Sasan Amjadi, ein kurdisch-iranischer Analyst, erklärt der taz: „Laut unbestätigten Berichten aus Sanandaj ist die Anzahl der Toten viel höher als bestätigt. Gesichert ist aber, dass der Staat versucht, die Stadt Sanandaj zu militarisieren. Sie versuchen, die kurdische Gesellschaft dazu zu bringen, sich wehren zu müssen. Vor allem die Parteien in Kurdistan sollen zur Reaktion gezwungen werden.“ Der militärische Druck solle außerdem die ethnische Spaltung in Iran vertiefen.

Jila Mostajer, Direktorin von Hengaw, bestätigt die harten Repressionen des Staates in den kurdischen Gebieten.
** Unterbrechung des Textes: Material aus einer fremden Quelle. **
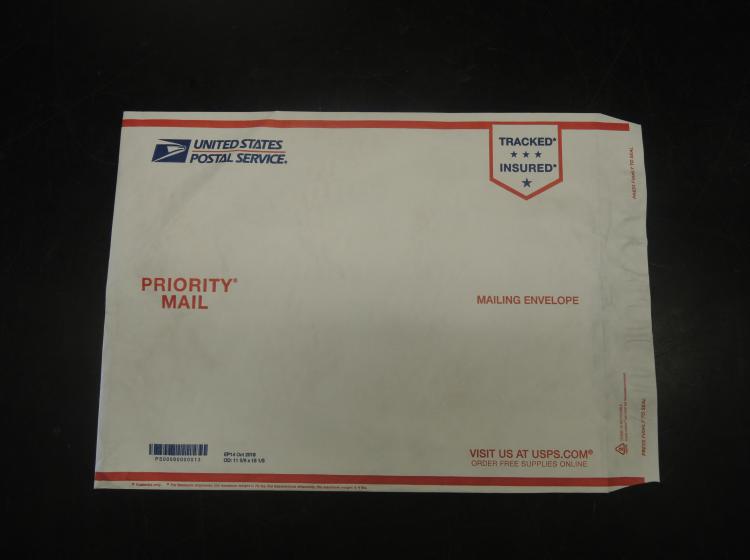 Photograph of a generic USPS package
In einem Interview mit dem in London ansässigen, auf Persisch sendenden Fernsehsender Manoto sagt sie: „Es gibt viele Meldungen von Toten, aber auch viel Widerstand.“ Seit Tagen werde massiv protestiert und gestreikt. Die Proteste würden sich radikalisieren, so die kurdische Menschenrechtsaktivistin.

In der Provinz Kurdistan wurde seit Beginn der landesweiten Proteste Mitte September insgesamt dreimal zum Generalstreik aufgerufen – mit Erfolg. Auch die ersten Szenen von Frauen, die ihre Kopftücher öffentlich abgelegten, stammten aus Kurdistan – von der Beerdigung Mahsa „Zhina“ Aminis.

Die kurdische Zivilgesellschaft, darunter auch die Familie von Mahsa „Zhina“ Amini, haben eine entscheidende Rolle dabei gespielt, dass ihr Tod als Femizid verstanden wird. Auch in anderen Städten des Iran rufen die Protestierenden die kurdische Parole „Frauen, Leben, Freiheit“ (Zhin, Zhian, Azadi). Das hat dafür gesorgt, dass Kur­d:in­nen mehr als denn je als Teil des Widerstands gegen den Staat Iran verstanden werden.